Of course the term “writer’s voice” doesn’t mean your literal speaking voice. But I’m serious when I say that the best way to find your voice is to start talking.
Speak your ideas as if you were talking to a friend. Better yet—actually talk to a friend.
When you write—especially at first—you may have a tendency to be stilted or too formal. But I’m willing to bet you have never had a conversation that included words like “henceforth” or “whereas.”
Those words may be appropriate if you’re writing for a law journal or academia. If that’s your audience, then feel free to click over to another blog—I got nothin’ for you today.
But most of my readers write in a business environment. Whether you’re writing emails or newsletters or the elusive White Paper, you want to draw your readers in. You want them to understand what you’re saying. And you want them to trust you.

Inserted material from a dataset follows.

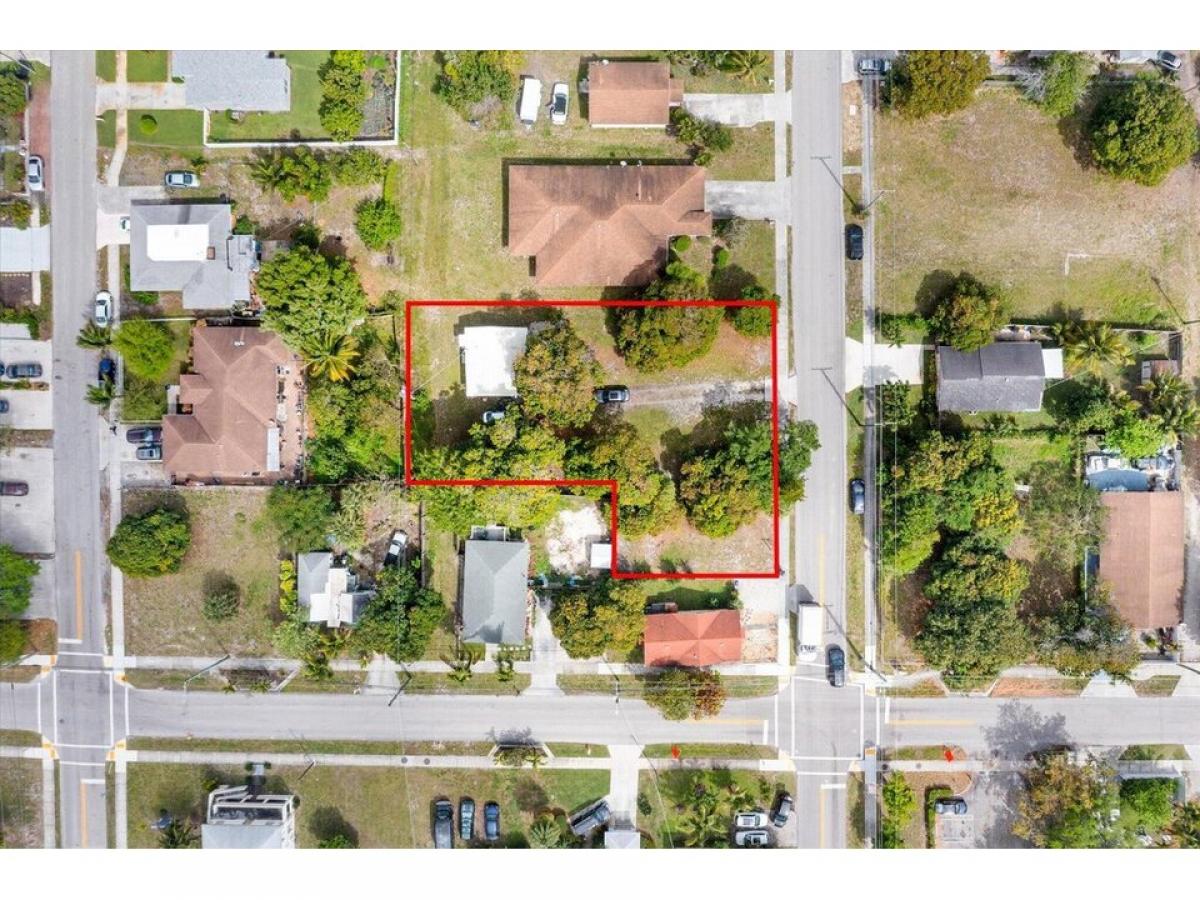 Picture of Residential Land For Sale in Delray Beach, Florida, United States
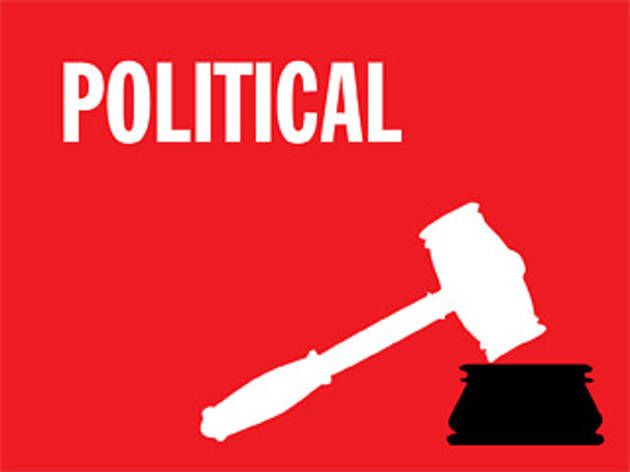 Political Political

The best way to accomplish those things is to be yourself. And sound like yourself. Yes: I’m talking about authenticity.
So talk through your message. Have a conversation with your friend (real or imaginary) and record it. Or talk out loud while you type. I do this a lot—it’s especially important when you’re writing a speech, because you need to make sure that what you’re writing is not, in the literal sense of the word, unspeakable.

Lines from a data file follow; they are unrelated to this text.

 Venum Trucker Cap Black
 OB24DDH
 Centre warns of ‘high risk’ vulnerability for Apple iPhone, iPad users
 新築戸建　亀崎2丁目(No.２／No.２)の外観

At the end of a good day of speechwriting, my voice might be hoarse and my dog thoroughly confused—especially if it’s a passionate speech. But I know that my words will resonate with an audience hearing, rather than reading, them.

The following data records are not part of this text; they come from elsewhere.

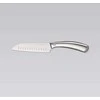 Maestro Riposo Peilis Santoku lenkta rankena 12 cm, 1496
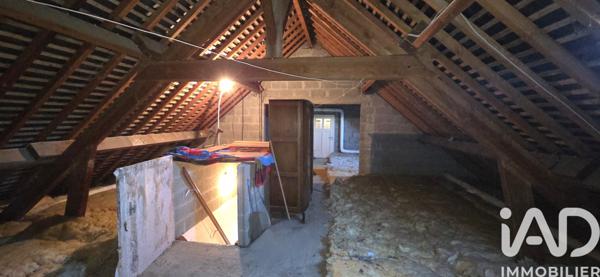 Maison à vendre 5 pièces 80 m² Saint-Gorgon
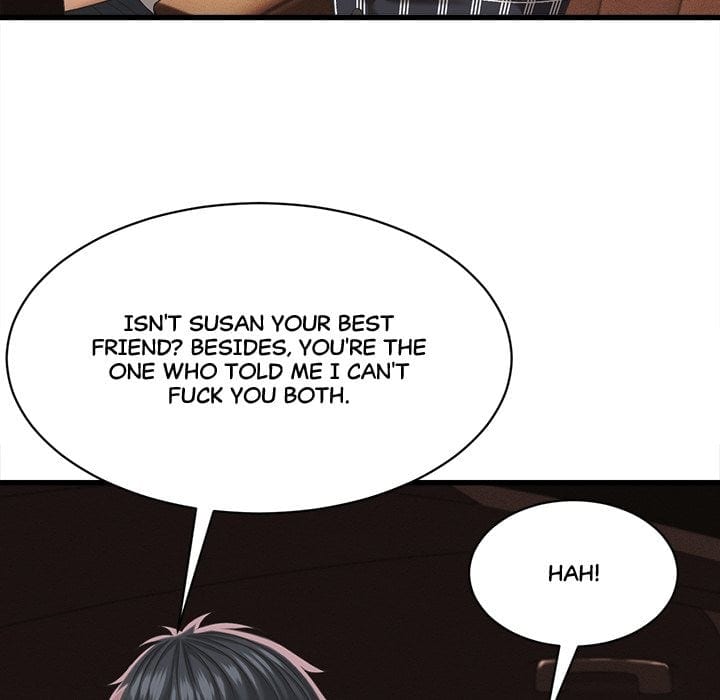 Right Under His Roof (Uncensored), chapter 34, page 31 of 123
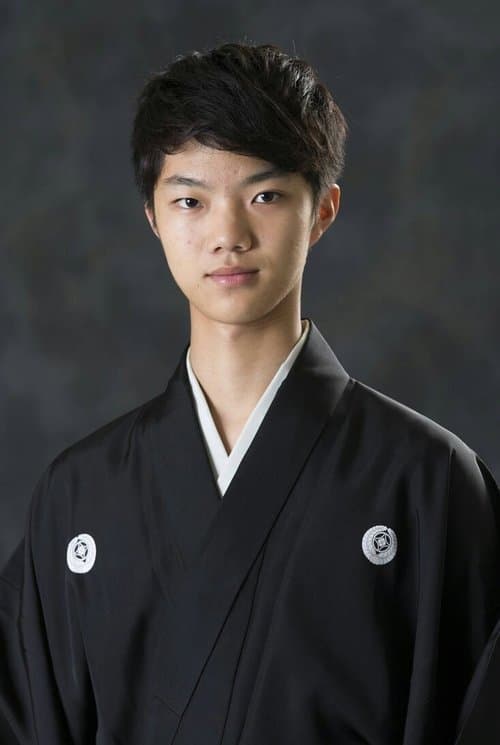 Zdjęcie 野村裕基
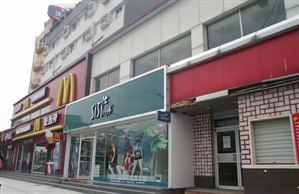 东站服装市场对面商铺出租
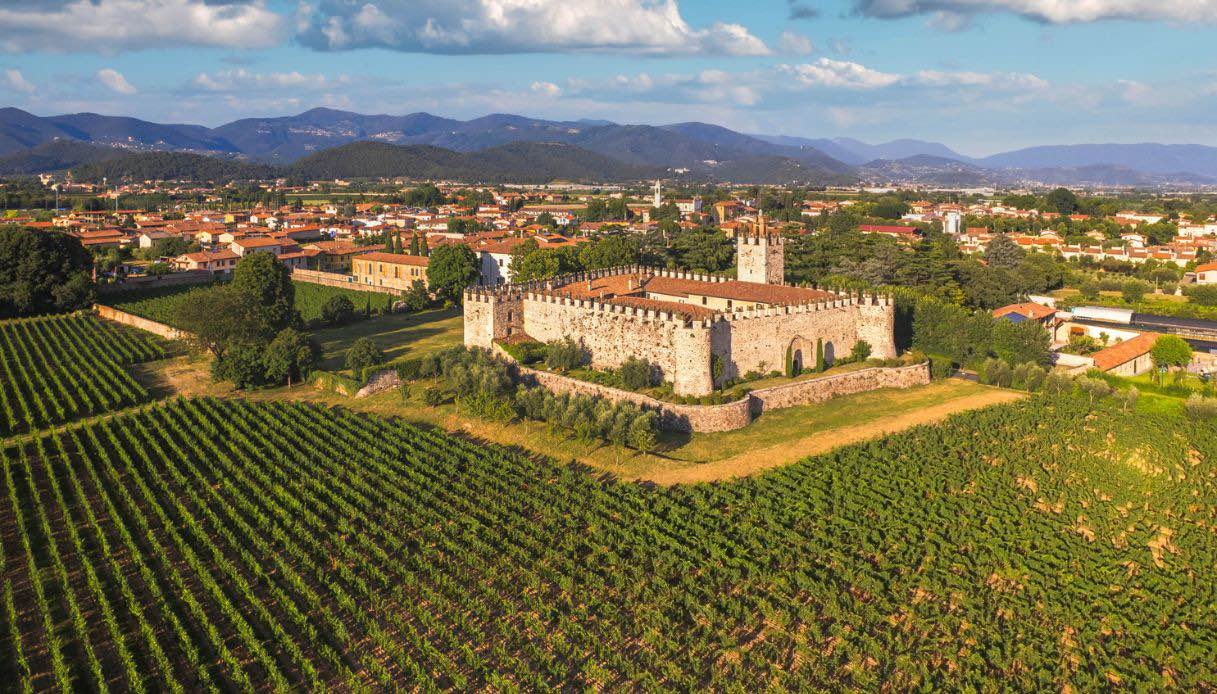 As festas da uva e do vinho imperdíveis na Itália em 2025
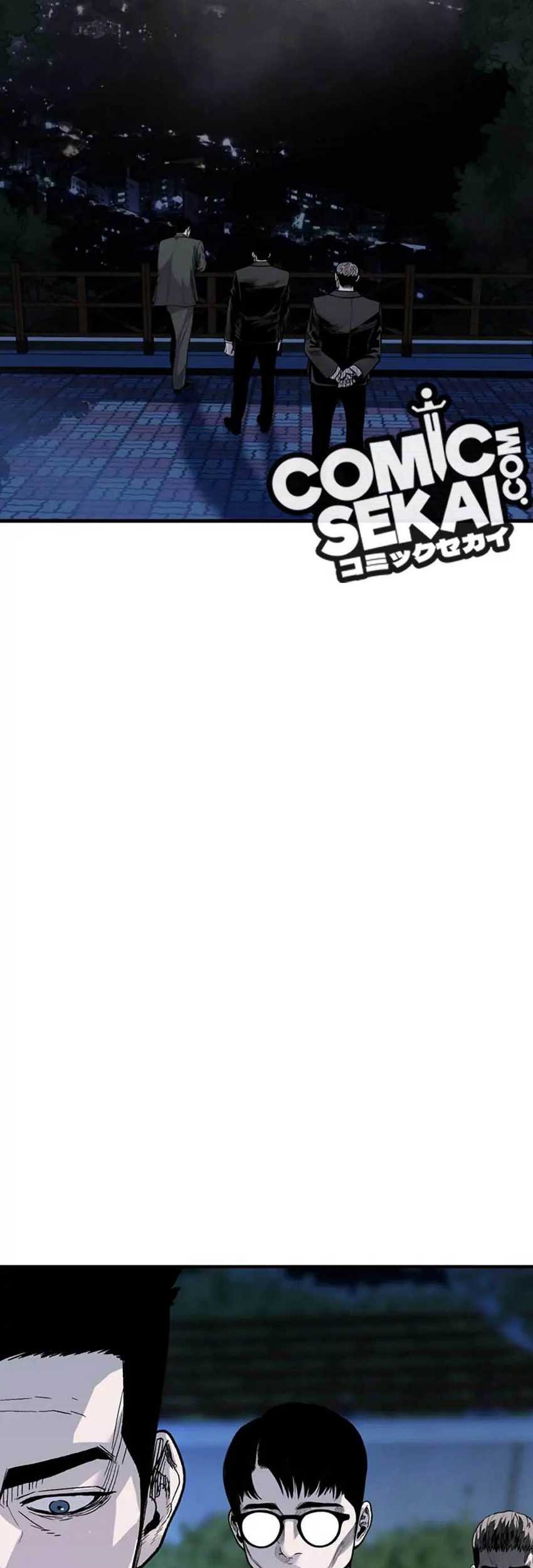 Switch Chapter 71 - halaman 6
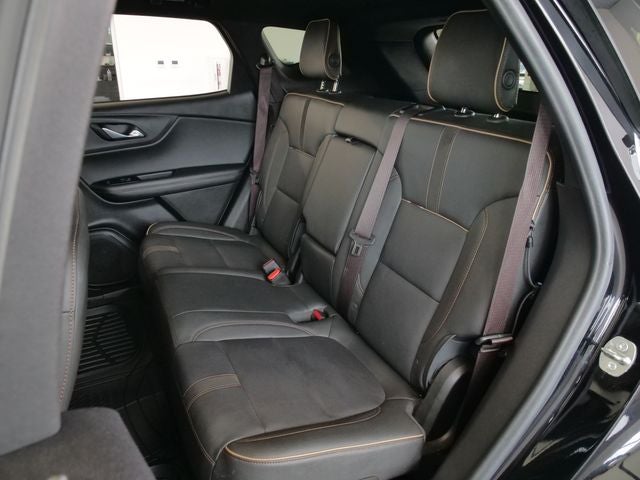 2021 Chevrolet Blazer Premier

Your writer’s voice = You + writing
Remember that scene at the end of The Wizard of Oz when Dorothy realizes she’s had the power to return to Kansas all along? That’s kind of what it’s like when you discover your “writer’s voice.”
It’s in there. It’s always been in there. You just need to use it. So write: 15 minutes a day. And read—lots of different things.
Another great way to find your own voice is to consciously try to adopt another writer’s voice. Write your piece in the style of Jane Austen or Dashiell Hammett—someone with a very distinct voice. And then the next day, re-write the same story as yourself. You can play this game with as many writers as you like. See how different each story sounds, even though you created it from the same basic building blocks.
Surprise your friends or relatives by writing them a letter—yes, on paper. First, the act of writing with a pen or pencil (or crayon) in your hands is different than writing on a computer. You engage different parts of your brain, so you come at the material from a fresh perspective. And second, because chances are you won’t be talking to friends or family about business issues. Writing about a range of subjects builds stronger writing muscles. When you return to the business topics, you’ll likely approach them more loosely, even perhaps playfully.
The more you write, the closer you’ll get to writing like yourself. So what are you waiting for? Open up the timer on your phone and get your 15 minutes done.